> _ACTIVITY_
Work through the listing below and give again exactly the lines from the one with "Gray Director's Leather" to the one with "BMW 5 Series view 34", both ends included. All other lines and all pictures stay out.

^^^^^^^^^^^^^^^^

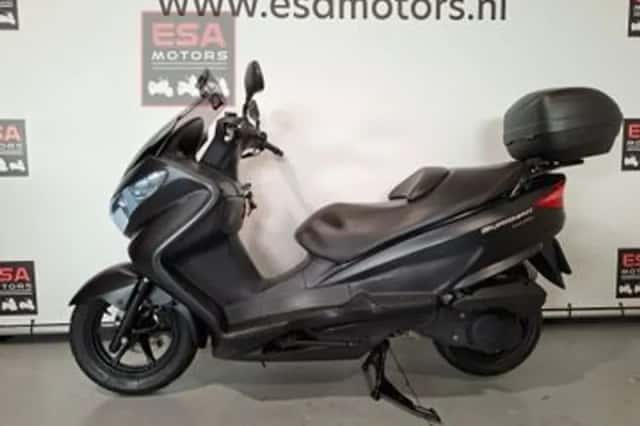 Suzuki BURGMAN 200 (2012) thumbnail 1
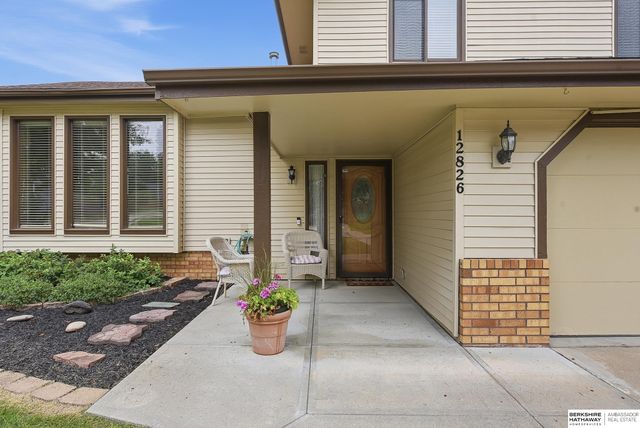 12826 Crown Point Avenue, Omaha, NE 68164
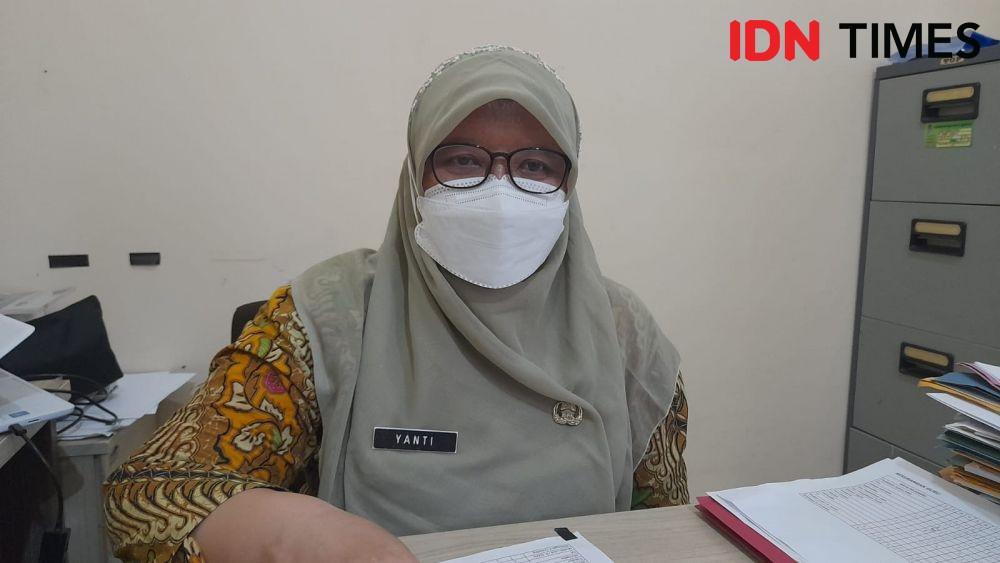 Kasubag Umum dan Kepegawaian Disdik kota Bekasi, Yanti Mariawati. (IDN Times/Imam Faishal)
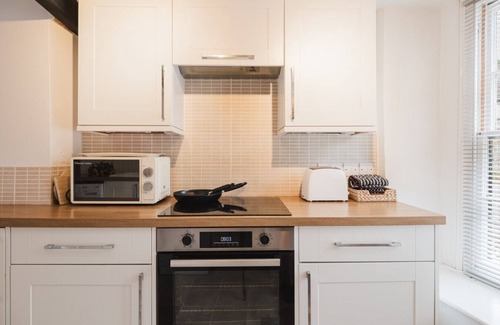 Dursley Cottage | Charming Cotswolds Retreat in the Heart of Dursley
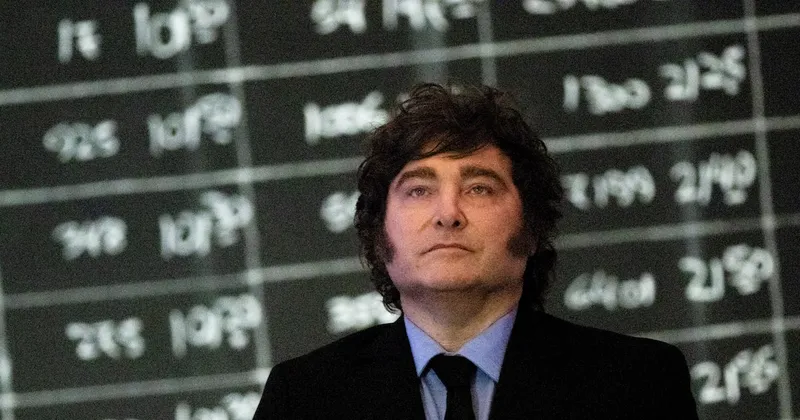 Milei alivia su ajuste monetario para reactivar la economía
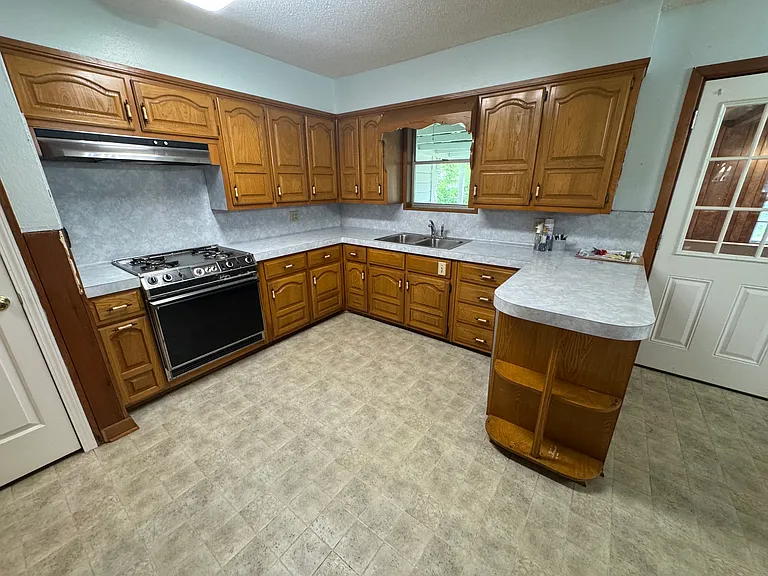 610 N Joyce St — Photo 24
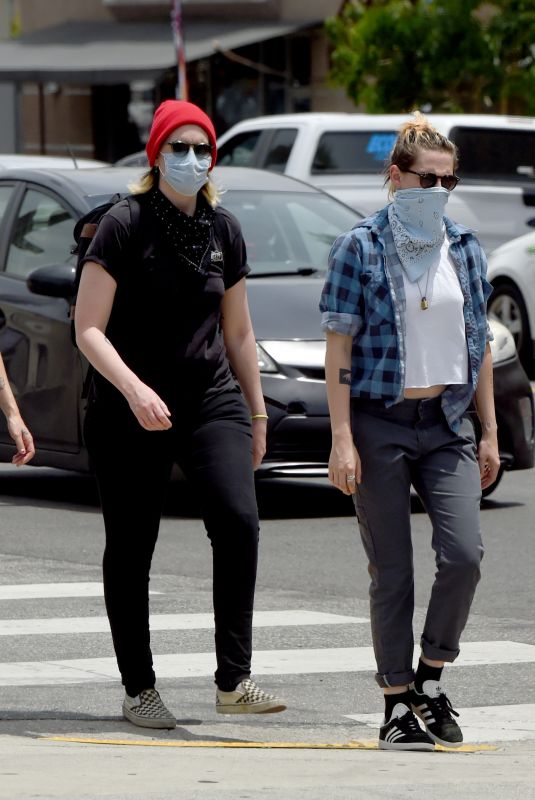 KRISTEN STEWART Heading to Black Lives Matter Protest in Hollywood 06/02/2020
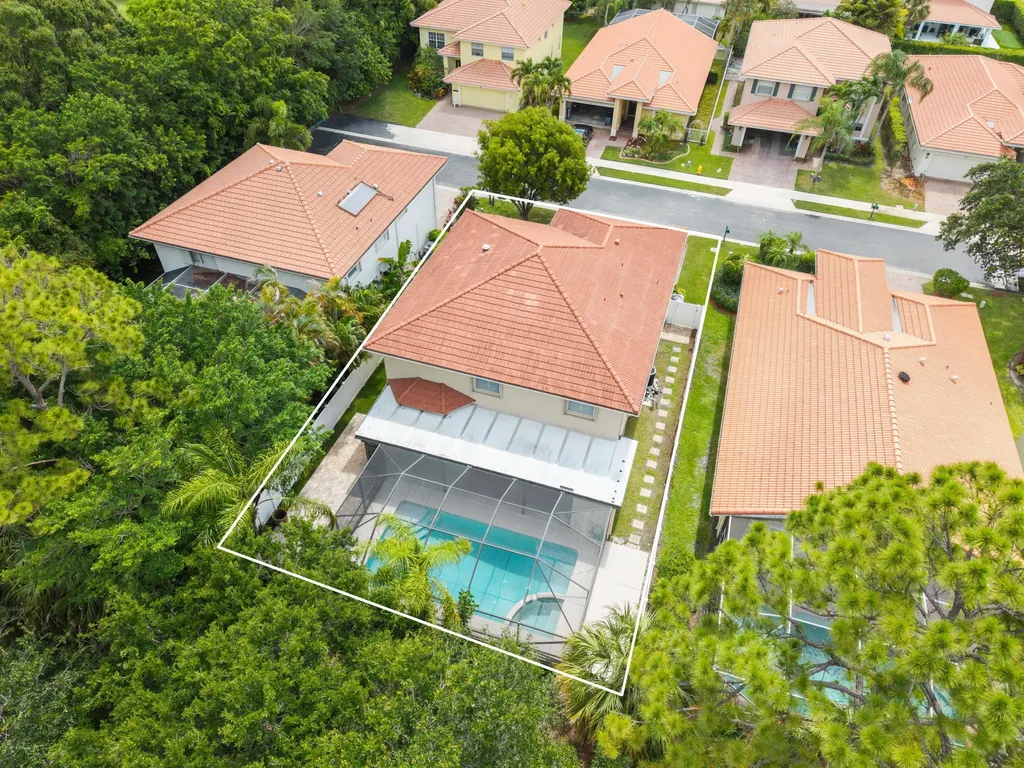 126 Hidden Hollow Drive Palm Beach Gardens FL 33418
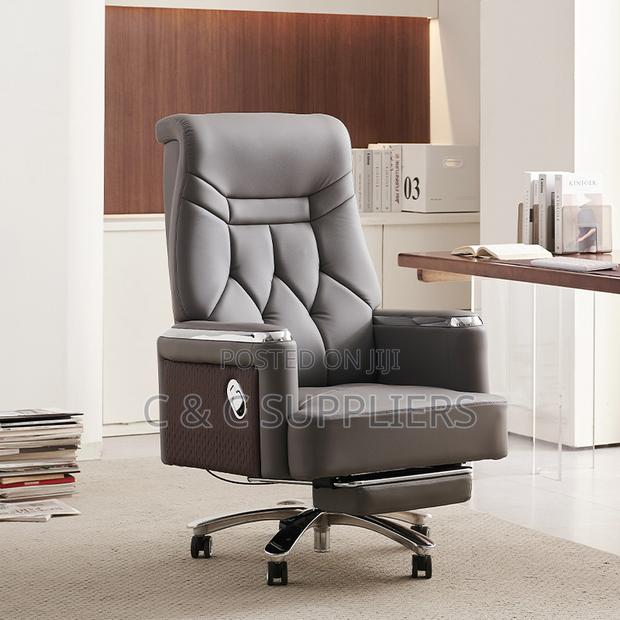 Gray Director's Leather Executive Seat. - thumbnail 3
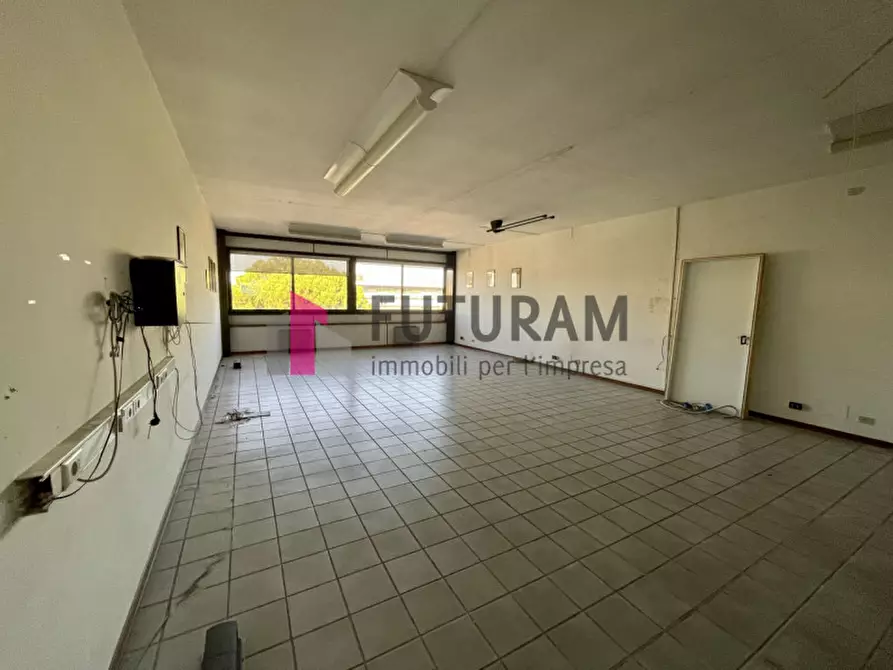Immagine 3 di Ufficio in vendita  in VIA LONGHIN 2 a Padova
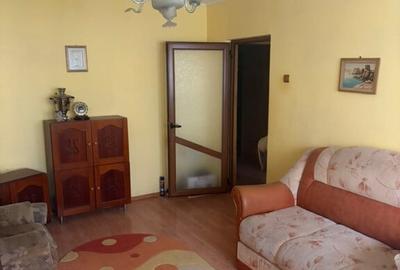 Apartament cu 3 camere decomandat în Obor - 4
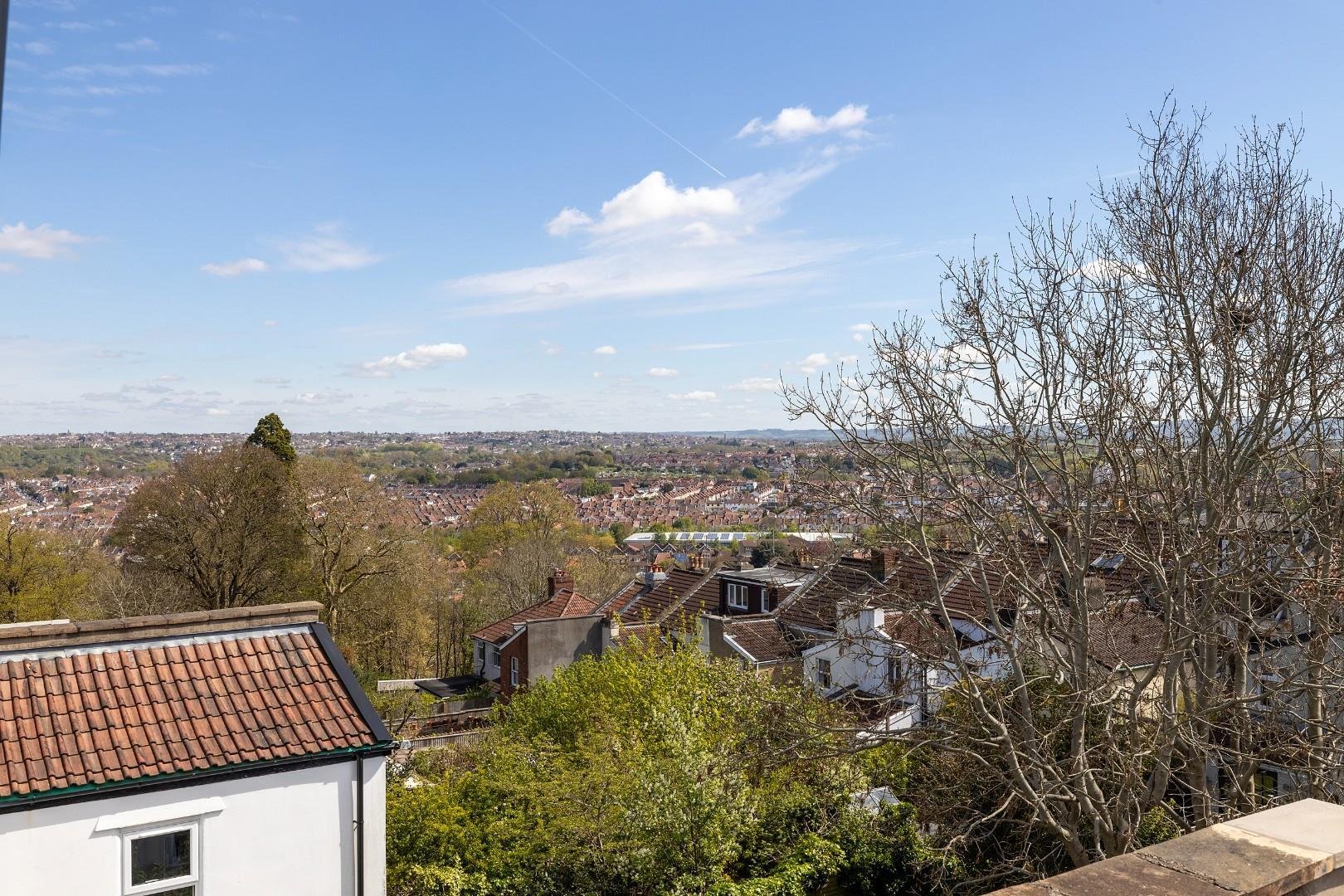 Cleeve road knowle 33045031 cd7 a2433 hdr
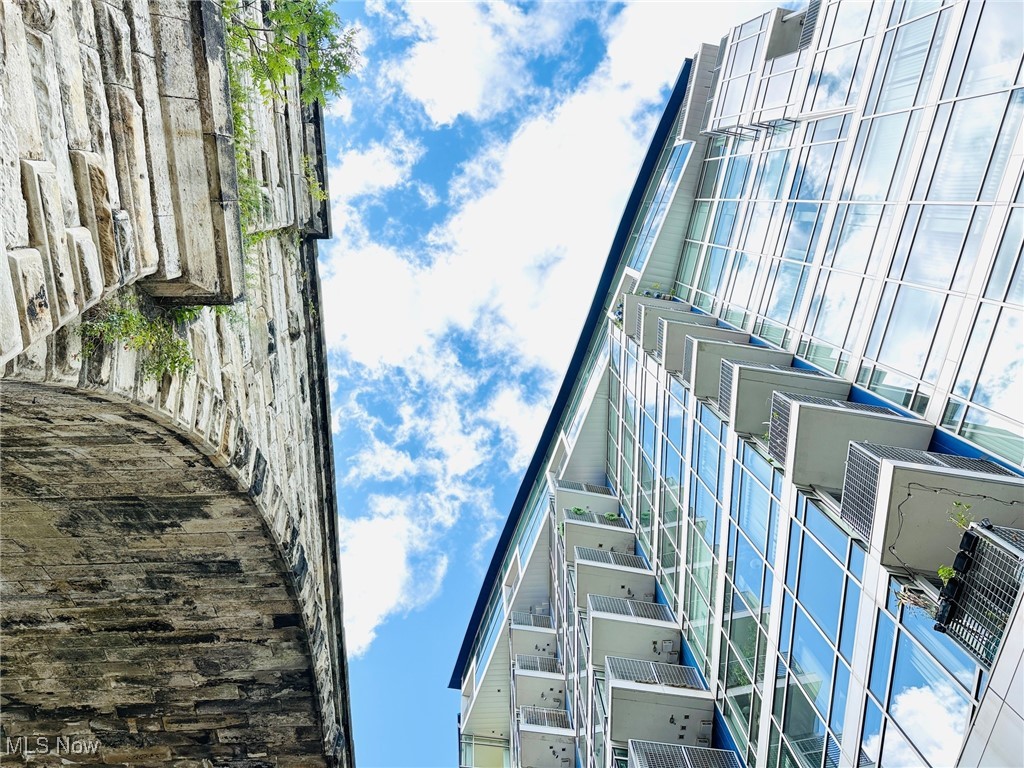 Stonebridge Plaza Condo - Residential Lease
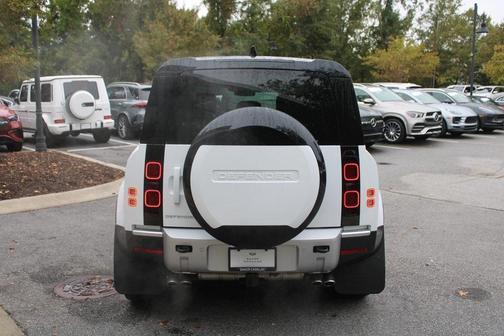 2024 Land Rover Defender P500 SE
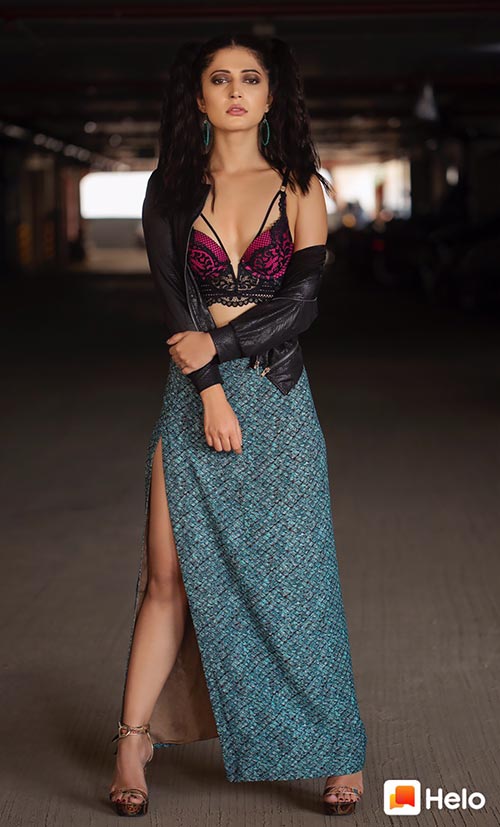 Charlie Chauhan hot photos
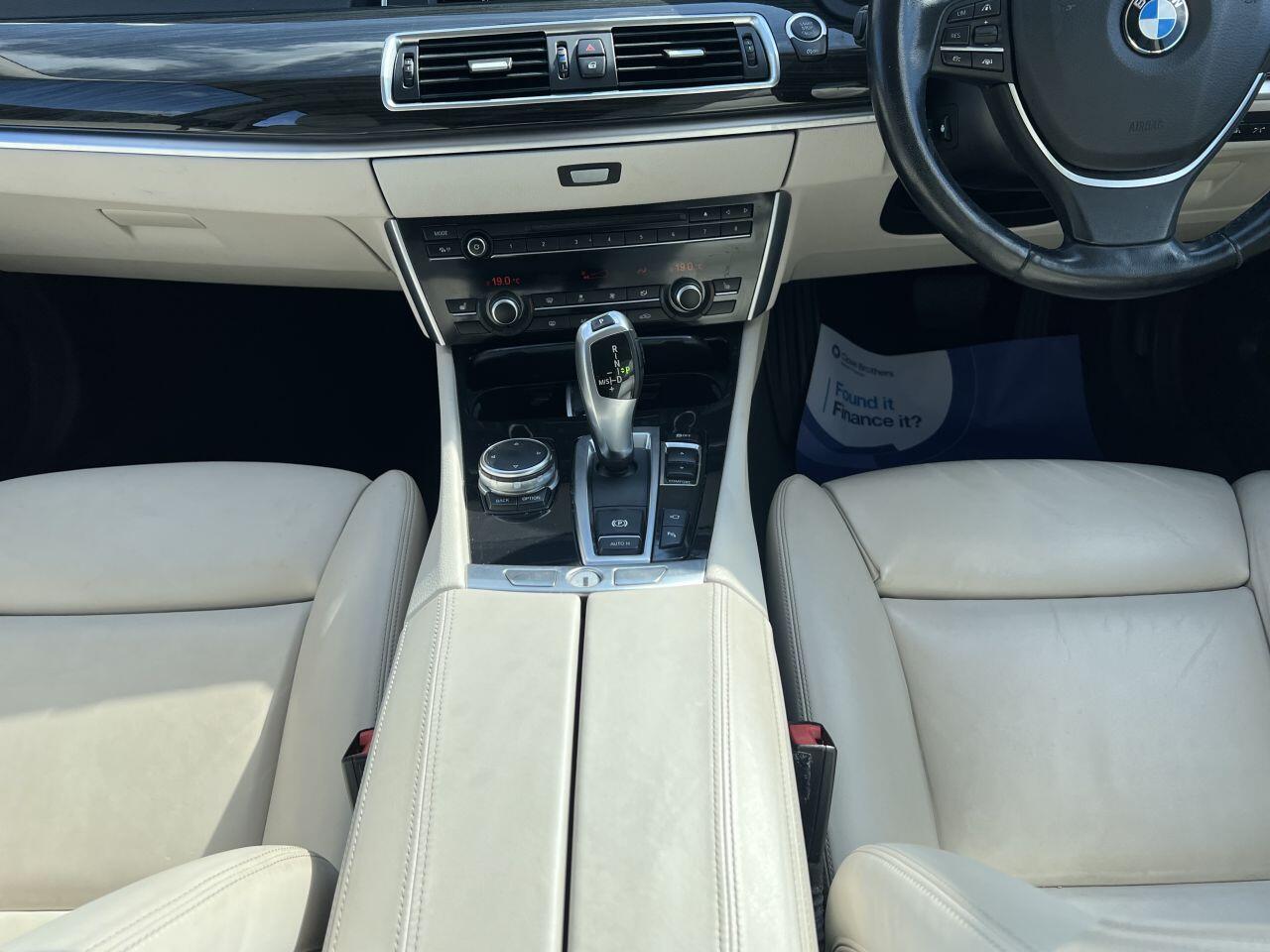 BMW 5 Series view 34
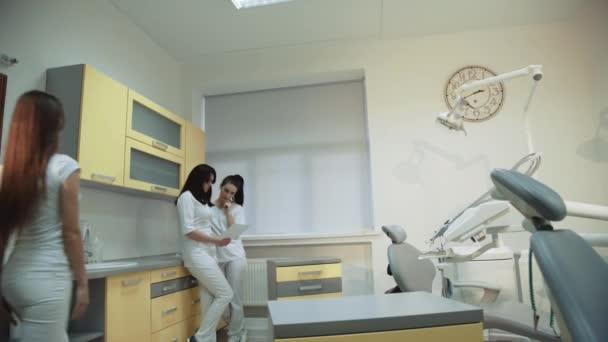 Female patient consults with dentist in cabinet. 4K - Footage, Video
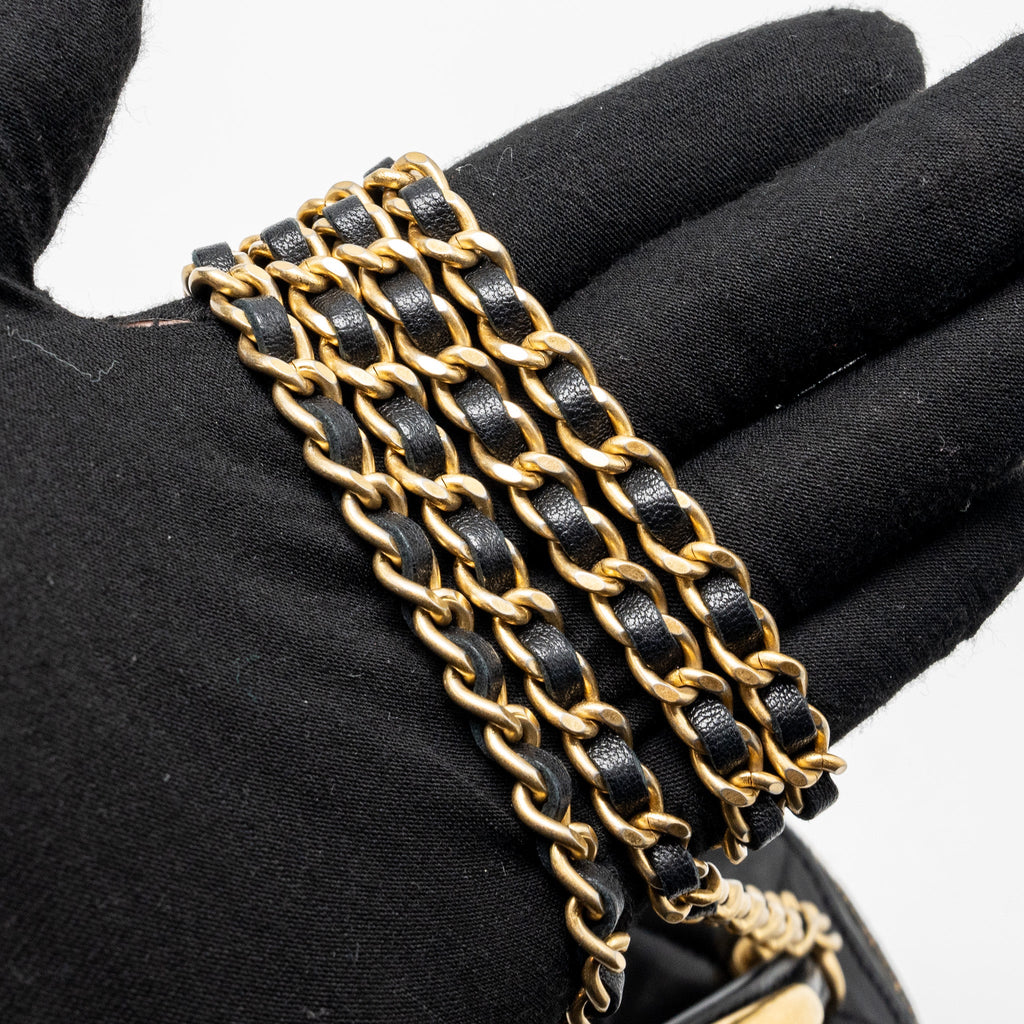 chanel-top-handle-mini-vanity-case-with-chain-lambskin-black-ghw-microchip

^^^^^^^^^^^^^^^^

> _YOUR SOLUTION_
 Gray Director's Leather Executive Seat. - thumbnail 3
Immagine 3 di Ufficio in vendita  in VIA LONGHIN 2 a Padova
 Apartament cu 3 camere decomandat în Obor - 4
 Cleeve road knowle 33045031 cd7 a2433 hdr
 Stonebridge Plaza Condo - Residential Lease
 2024 Land Rover Defender P500 SE
 Charlie Chauhan hot photos
 BMW 5 Series view 34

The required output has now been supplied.